Building data pipelines for fintech with Python
At Mercury, we needed to process millions of transactions daily for reconciliation, reporting, and compliance. Python's data ecosystem-Pandas, Polars, and Dask-made this manageable, but building reliable pipelines required careful design.
The Challenge
Financial data pipelines must be:
- Accurate (no data loss or corruption)
- Fast (process millions of records)
- Reliable (handle failures gracefully)
- Auditable (track every transformation)
Our Architecture
We used a combination of:
- Pandas for in-memory transformations
- Polars for larger datasets (faster, more memory-efficient)

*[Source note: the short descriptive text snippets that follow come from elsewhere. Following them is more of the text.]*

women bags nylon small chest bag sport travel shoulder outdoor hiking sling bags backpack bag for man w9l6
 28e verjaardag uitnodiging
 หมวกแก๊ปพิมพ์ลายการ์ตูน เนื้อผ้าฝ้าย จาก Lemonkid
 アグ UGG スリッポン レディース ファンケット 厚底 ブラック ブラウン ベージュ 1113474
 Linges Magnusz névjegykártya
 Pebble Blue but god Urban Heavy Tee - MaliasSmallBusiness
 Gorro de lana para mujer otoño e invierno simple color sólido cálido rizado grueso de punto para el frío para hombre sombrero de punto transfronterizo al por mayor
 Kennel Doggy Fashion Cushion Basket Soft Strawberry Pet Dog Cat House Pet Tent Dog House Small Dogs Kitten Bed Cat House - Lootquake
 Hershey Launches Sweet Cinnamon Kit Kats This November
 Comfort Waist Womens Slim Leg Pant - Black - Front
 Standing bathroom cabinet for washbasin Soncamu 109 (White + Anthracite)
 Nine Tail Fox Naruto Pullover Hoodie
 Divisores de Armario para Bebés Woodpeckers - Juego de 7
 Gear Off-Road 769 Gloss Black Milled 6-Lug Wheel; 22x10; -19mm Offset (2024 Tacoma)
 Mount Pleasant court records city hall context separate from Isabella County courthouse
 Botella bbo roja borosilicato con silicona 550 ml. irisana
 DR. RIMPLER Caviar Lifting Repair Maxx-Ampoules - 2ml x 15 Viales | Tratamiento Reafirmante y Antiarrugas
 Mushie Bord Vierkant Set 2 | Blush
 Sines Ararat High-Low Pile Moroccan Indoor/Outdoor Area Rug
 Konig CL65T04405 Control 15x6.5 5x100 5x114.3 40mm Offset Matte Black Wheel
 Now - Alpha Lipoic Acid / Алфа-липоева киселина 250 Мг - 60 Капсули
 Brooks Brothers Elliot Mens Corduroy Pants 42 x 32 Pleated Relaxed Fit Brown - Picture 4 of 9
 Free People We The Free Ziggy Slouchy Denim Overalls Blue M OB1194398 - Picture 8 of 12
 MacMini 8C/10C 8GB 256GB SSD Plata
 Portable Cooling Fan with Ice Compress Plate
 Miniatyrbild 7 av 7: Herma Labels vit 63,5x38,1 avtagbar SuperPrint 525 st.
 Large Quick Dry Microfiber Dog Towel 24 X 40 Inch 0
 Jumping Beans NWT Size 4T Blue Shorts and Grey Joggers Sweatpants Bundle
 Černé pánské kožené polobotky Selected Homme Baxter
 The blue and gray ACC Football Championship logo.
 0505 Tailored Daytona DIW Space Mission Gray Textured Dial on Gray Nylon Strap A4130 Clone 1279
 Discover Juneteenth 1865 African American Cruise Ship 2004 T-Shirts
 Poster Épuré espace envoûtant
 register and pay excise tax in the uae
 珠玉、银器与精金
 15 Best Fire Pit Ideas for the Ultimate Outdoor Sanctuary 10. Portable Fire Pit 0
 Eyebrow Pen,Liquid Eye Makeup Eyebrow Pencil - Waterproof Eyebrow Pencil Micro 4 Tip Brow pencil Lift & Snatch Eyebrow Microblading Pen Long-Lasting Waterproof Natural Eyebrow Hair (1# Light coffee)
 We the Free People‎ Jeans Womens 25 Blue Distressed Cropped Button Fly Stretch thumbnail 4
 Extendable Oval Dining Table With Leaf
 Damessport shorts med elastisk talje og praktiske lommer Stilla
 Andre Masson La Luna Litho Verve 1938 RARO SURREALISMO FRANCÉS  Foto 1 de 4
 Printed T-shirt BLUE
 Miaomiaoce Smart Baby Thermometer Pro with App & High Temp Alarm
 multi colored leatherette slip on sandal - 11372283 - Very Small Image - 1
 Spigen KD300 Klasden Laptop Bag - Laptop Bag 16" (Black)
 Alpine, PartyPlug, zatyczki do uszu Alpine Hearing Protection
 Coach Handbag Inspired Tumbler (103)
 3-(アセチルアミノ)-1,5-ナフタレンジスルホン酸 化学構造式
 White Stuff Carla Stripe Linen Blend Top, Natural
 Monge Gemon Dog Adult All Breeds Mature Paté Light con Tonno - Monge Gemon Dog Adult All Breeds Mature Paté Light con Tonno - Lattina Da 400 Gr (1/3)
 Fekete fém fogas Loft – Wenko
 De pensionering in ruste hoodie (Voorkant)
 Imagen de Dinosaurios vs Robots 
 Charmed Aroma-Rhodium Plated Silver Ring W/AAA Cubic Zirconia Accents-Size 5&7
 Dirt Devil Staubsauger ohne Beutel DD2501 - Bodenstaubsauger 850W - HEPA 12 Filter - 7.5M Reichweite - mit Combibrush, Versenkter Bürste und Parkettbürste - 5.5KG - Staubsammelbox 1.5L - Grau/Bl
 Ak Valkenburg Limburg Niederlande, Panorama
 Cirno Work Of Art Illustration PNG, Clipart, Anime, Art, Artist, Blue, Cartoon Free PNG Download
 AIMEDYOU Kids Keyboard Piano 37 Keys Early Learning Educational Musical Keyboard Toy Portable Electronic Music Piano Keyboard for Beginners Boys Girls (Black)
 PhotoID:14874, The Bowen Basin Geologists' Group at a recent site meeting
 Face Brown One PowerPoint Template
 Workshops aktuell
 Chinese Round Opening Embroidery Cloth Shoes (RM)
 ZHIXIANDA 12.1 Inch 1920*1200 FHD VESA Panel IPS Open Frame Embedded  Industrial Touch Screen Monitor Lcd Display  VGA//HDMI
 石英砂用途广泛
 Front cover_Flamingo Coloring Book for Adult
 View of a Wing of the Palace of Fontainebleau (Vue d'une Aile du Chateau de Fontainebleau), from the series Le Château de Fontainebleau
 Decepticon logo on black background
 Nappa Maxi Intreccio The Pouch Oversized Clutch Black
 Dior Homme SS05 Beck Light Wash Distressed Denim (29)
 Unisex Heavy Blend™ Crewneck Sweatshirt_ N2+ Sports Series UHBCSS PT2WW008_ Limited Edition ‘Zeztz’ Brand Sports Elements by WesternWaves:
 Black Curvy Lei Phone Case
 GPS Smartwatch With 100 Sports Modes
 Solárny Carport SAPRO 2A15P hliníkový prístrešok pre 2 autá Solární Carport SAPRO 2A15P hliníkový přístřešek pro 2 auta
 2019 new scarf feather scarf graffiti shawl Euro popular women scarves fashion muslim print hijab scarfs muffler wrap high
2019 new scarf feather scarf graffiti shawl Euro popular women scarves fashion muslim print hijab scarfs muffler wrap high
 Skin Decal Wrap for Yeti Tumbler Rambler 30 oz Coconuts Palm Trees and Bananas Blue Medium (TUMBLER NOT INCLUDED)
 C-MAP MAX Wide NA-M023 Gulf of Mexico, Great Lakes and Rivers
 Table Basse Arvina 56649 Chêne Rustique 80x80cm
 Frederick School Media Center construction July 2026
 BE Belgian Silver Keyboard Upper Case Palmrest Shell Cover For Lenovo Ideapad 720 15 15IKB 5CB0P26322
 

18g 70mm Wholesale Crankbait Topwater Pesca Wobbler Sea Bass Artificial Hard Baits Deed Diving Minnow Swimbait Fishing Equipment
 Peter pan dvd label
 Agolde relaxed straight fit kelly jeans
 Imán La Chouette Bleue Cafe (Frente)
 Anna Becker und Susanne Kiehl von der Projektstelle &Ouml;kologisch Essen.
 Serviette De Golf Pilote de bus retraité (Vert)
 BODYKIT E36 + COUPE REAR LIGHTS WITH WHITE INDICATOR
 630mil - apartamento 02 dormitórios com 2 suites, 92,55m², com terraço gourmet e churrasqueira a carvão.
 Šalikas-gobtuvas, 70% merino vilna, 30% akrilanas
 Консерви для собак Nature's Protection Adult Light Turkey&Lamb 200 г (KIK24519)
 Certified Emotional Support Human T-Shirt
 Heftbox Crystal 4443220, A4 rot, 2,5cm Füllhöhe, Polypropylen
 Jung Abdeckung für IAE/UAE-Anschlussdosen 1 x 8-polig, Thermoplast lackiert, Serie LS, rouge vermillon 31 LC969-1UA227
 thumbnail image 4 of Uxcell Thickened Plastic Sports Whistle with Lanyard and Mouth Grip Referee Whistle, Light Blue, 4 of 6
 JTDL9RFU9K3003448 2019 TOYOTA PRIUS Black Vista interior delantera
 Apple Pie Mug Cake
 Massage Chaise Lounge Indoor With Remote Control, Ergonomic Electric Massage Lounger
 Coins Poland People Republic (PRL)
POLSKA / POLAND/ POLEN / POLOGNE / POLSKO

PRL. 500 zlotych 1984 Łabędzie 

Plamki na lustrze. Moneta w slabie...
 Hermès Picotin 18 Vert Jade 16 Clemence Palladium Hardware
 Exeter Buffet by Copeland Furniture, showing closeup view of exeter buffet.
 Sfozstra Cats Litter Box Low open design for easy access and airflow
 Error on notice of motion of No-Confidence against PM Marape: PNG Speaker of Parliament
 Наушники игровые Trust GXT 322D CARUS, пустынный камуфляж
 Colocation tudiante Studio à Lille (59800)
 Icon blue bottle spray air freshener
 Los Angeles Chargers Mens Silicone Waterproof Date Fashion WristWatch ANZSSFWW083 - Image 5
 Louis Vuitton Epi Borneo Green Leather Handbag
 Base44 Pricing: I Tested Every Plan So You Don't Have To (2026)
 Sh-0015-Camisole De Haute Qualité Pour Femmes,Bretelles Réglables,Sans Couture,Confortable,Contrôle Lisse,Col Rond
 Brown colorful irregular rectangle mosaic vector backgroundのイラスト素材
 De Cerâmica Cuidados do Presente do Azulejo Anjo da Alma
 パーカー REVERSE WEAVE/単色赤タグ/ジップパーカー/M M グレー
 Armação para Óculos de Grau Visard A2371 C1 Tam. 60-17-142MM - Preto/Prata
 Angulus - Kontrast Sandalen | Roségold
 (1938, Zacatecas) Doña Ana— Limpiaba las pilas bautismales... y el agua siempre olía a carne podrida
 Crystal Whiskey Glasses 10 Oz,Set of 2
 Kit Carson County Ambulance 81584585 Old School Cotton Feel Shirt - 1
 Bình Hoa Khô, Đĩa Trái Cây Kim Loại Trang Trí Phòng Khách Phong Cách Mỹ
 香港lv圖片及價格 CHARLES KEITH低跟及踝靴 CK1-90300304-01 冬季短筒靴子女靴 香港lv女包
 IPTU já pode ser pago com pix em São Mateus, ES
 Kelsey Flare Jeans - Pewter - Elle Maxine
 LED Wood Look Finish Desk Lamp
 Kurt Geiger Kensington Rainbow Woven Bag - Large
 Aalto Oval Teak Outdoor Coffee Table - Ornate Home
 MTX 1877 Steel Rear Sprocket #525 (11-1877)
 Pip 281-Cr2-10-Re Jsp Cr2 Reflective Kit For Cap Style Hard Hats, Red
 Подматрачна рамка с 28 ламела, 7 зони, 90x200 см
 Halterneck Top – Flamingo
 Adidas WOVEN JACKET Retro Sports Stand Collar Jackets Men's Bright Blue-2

- Dask for distributed processing
- Apache Airflow for orchestration
Example Pipeline
import pandas as pd
import polars as pl
from dask import dataframe as dd
def process_transactions(file_path: str) -> pd.DataFrame:
# Read with Polars for speed
df = pl.read_csv(file_path)
# Transformations
df = df.filter(pl.col("amount") > 0)
df = df.with_columns([
pl.col("timestamp").str.strptime(pl.Datetime),
pl.col("amount").cast(pl.Decimal(10, 2))
])
# Convert to Pandas for final processing
return df.to_pandas()
def reconcile_transactions(transactions: pd.DataFrame,
ledger: pd.DataFrame) -> pd.DataFrame:
merged = transactions.merge(
ledger,
on=["transaction_id", "amount"],
how="outer",
indicator=True
)
# Find discrepancies
discrepancies = merged[merged["_merge"] != "both"]
return discrepancies
Error Handling
def safe_process(file_path: str) -> Optional[pd.DataFrame]:
try:
return process_transactions(file_path)
except FileNotFoundError:
logger.error(f"File not found: {file_path}")
return None
except pd.errors.EmptyDataError:
logger.warning(f"Empty file: {file_path}")
return pd.DataFrame()
except Exception as e:
logger.exception(f"Unexpected error: {e}")
raise
Performance Optimization
- Use Polars for large datasets
- Parallelize with Dask when possible
- Cache intermediate results
- Use appropriate data types
- Profile and optimize bottlenecks
Testing
def test_transaction_processing():
test_data = pd.DataFrame({
"transaction_id": ["T1", "T2"],
"amount": [100.50, 200.75],
"timestamp": ["2023-04-01 10:00:00", "2023-04-01 11:00:00"]
})
result = process_transactions(test_data)
assert len(result) == 2
assert result["amount"].sum() == 301.25
Lessons Learned
- Start with Pandas, optimize with Polars when needed
- Always validate data at pipeline boundaries
- Log everything for debugging
- Test with production-like data volumes
- Monitor pipeline performance and costs
"Data pipelines are only as good as their error handling."